I have collected some image data for classification tasks A and B. A pre-trained model (say ResNet, Inception-v3) has transfer-learned task A and am not happy with 50% accuracy, so I plan to loop in task B labels because I plan to learn B as well and transfer learning on task B training data does not help either task A or task B, which is when I stumbled upon Multi-task Learning. I am quoting from Han Xiao’s blogpost (link below), for a better description:

‘‘One interesting observation here is that the tasks are highly related: knowing the labels of one task could help one to guess the labels of another task. So perhaps it would be a good idea to train all those tasks in the same neural network simultaneously, hoping that the commonality across the tasks will be exploited during the learning and improve the final performance.’’

I have come across a few tutorials online:

Jonathan Goodwin’s MTL
Han Xiao’s MTL with Fashion-MNIST
Kajal Gupta’s MTL with Deep NNs
Ruder’s Multi-task learning

Am I missing out on any other good CNN-centric-example to help me understand this?

What is the easiest way to get started?
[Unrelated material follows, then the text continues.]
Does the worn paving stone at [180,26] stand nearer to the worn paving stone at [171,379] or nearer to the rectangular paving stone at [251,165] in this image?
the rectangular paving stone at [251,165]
I strongly feel this can give us an edge in competitions such as Kaggle.


I’m also interested in this topic.
I never tried that. My first thought is to construct a model that has multiple outputs, e.g. get ResNet, add one dense layer for task 1, another dense layer for task2 (it’s easy to do in Keras, see this for example; not sure how easy it will be to do in library). Then train the model using data from both tasks alternatively: train task1 on one mini-batch, then task2 on one mini-batch, then task1 again. Switching between tasks frequently will prevent the model from forgetting one task while learning another.
This is just speculation, needs to be tested.

1 Like

Yeah I’m planning to teach this either towards the end of part 1, or early part 2 - I haven’t written anything in fastai to support it yet, although I’m not sure it’ll need much if any additional code.

In keras, lesson 7 of shows how to do it, BTW.


Can we implement the multitasking model using fastai custom_head?